Después de tantos meses retomamos nuestro encuentro cara a cara, y no pantalla a pantalla. Cara a cara. ¡Esto es lindo! La actual pandemia ha demostrado nuestra interdependencia: todos estamos unidos, los unos a los otros, tanto en el mal como en el bien. Por eso, para salir mejores de esta crisis, debemos hacerlo juntos. Juntos, no solos, juntos. Solos no, porque no se puede. O se hace juntos o no se hace. Debemos hacerlo juntos, todos, con solidaridad. Hoy quería subrayar esta palabra: solidaridad.
Como familia humana tenemos el origen común en Dios; habitamos en una casa común, el planeta-jardín, la tierra en que Dios nos ha puesto; y tenemos un destino común en Cristo. Pero cuando olvidamos todo esto, nuestra interdependencia se vuelve dependencia de algunos de otros −perdemos esa armonía de la interdependencia en la solidaridad− aumentando la desigualdad y la marginación; se debilita el tejido social y se deteriora el ambiente. Es siempre el mismo modo de actuar.
Por tanto, el principio de solidaridad es hoy más necesario que nunca, como enseñó San Juan Pablo II (cfr. Sollicitudo rei socialis, 38-40). En un mundo interconectado, experimentamos qué significa vivir en la misma “aldea global”. Es bonita esta expresión: el gran mundo no es otra cosa que una aldea global, porque todo está interconectado. Pero no siempre transformamos esta interdependencia en solidaridad. Hay un largo camino entre la interdependencia y la solidaridad. Los egoísmos −individuales, nacionales y de los grupos de poder− y las rigideces ideológicas alimentan en cambio «estructuras de pecado» (ibíd., 36).
«La palabra “solidaridad” está un poco desgastada y a veces se la interpreta mal, pero es mucho más que algunos actos esporádicos de generosidad. Supone crear una nueva mentalidad que piense en términos de comunidad, de prioridad de la vida de todos sobre la apropiación de los bienes por parte de algunos» (Evangelii gaudium, 188). Eso significa solidaridad. No es solo cuestión de ayudar a los demás −eso es bueno hacerlo, pero es más−: se trata de justicia (cfr. Catecismo de la Iglesia Católica, 1938-1940). La interdependencia, para ser solidaria y dar fruto, necesita fuertes raíces en lo humano y en la naturaleza creada por Dios, necesita respeto por los rostros y la tierra.

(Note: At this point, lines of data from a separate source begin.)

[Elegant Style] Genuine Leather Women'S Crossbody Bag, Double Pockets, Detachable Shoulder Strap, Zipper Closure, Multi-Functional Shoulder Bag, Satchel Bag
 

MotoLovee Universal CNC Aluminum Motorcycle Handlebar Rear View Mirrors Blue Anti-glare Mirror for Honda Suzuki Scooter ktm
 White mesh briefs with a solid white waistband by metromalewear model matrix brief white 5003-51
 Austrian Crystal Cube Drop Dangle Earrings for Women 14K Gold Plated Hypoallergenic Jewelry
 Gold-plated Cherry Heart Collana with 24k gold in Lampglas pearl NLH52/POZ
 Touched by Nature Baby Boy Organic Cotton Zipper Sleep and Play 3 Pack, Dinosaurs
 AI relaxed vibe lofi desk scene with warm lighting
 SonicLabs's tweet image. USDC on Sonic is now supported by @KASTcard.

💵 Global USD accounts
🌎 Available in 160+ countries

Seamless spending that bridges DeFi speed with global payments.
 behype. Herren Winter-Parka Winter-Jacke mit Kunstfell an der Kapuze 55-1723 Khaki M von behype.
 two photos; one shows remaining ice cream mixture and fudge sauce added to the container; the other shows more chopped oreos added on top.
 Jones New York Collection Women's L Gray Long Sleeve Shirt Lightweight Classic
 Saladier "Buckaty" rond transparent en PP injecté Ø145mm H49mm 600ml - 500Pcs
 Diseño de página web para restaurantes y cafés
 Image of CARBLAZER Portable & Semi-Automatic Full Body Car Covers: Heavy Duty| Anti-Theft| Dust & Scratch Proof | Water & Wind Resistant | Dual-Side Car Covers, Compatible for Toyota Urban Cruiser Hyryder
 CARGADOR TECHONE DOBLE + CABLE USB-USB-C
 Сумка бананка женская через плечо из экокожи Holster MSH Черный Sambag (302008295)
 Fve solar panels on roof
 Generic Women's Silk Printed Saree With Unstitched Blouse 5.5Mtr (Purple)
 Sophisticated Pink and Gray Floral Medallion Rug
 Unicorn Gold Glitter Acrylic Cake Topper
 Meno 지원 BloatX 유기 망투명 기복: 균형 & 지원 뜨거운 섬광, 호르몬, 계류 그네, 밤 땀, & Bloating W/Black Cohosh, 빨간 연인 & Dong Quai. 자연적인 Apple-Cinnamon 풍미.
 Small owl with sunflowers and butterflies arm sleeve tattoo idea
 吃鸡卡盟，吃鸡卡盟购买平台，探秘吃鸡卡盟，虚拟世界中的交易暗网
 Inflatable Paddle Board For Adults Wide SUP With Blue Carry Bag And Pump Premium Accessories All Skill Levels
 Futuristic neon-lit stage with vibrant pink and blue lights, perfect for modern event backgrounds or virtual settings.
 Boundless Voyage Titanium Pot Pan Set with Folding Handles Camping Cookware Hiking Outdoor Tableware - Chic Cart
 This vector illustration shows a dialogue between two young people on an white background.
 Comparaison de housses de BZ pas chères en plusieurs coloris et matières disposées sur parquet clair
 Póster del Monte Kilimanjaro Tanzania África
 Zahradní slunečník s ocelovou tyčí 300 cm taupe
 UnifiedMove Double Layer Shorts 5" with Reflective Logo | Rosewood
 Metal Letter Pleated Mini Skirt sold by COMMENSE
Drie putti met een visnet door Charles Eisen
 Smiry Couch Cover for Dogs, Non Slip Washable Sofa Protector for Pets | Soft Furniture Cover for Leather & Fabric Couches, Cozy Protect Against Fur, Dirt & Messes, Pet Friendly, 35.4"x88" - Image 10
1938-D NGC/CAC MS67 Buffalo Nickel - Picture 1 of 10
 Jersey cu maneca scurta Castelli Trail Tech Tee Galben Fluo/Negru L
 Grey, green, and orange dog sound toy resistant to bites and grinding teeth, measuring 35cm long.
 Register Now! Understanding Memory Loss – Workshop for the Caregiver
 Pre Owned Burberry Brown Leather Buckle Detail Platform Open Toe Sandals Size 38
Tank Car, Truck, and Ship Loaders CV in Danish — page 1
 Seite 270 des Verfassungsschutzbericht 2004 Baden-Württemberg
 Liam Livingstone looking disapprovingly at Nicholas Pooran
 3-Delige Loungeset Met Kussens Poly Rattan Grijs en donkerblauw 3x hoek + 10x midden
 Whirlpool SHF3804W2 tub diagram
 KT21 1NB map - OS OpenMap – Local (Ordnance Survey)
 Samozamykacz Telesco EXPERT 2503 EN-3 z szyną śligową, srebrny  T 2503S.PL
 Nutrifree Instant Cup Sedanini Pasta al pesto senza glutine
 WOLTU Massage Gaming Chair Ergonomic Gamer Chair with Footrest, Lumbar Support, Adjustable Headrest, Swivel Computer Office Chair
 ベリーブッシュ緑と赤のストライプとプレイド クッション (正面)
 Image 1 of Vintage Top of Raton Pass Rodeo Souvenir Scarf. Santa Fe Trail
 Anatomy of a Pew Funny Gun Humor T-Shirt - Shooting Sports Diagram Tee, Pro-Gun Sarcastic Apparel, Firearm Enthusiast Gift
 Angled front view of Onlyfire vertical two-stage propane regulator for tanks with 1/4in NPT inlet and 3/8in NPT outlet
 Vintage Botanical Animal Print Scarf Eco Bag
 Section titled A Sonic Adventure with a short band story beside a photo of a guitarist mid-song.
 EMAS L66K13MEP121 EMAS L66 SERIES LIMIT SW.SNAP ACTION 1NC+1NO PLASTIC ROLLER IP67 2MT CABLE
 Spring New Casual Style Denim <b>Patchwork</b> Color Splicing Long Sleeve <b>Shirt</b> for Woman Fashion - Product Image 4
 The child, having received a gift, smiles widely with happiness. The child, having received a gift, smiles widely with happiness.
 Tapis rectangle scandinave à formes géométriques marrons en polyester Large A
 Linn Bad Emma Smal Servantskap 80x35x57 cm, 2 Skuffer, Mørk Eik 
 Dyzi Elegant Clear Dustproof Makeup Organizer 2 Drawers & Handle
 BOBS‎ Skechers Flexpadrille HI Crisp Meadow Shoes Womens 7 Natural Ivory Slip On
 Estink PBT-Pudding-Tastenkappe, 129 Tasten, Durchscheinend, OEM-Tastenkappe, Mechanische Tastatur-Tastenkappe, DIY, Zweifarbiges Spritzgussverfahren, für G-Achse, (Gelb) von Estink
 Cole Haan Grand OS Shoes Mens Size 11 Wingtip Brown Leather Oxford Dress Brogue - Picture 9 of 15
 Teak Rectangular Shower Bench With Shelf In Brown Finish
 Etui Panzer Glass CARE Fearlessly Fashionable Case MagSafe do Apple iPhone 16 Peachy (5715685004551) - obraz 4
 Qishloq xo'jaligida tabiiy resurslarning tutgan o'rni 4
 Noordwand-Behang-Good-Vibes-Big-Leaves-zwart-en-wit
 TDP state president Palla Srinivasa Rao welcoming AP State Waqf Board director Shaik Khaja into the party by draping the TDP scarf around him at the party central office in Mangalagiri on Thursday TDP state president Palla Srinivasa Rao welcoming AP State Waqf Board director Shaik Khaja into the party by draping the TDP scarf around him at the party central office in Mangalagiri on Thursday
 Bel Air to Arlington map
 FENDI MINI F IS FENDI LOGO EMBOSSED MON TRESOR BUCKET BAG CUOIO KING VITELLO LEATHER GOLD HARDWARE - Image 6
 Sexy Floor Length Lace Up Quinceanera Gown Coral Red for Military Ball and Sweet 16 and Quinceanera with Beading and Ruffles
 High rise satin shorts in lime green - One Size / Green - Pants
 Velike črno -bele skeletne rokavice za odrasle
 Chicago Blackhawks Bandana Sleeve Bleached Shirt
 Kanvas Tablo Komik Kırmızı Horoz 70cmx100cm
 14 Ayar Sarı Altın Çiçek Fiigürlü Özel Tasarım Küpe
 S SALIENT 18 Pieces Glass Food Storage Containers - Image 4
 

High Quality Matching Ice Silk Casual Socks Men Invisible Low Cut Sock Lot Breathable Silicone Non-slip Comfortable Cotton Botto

La Biblia, desde el principio, nos avisa. Pensemos en el relato de la Torre de Babel (cfr. Gen 11,1-9), que describe lo que pasa cuando intentamos llegar al cielo −nuestra meta− ignorando el vínculo con lo humano, con la creación y con el Creador. Es un modo de decir: esto sucede cada vez que uno quiere subir, trepar, sin tener en cuenta a los demás. ¡Yo solo! Pensemos en la torre. Construimos torres y rascacielos, pero destruimos la comunidad. Unificamos edificios y lenguas, pero dañamos la riqueza cultural. Queremos ser dueños de la Tierra, pero arruinamos la biodiversidad y el equilibrio ecológico. Os conté en otra audiencia sobre aquellos pescadores de San Benedetto del Tronto que vinieron este año y me dijeron: “Hemos sacado del mar 24 toneladas de basura, de las que la mitad era plástico”. ¡Pensad! Esos tienen el oficio de pescar peces, sí, pero también la basura y sacarla para limpiar el mar. La contaminación es arruinar la tierra, no tener solidaridad con la tierra, que es un don, y con el equilibrio ecológico.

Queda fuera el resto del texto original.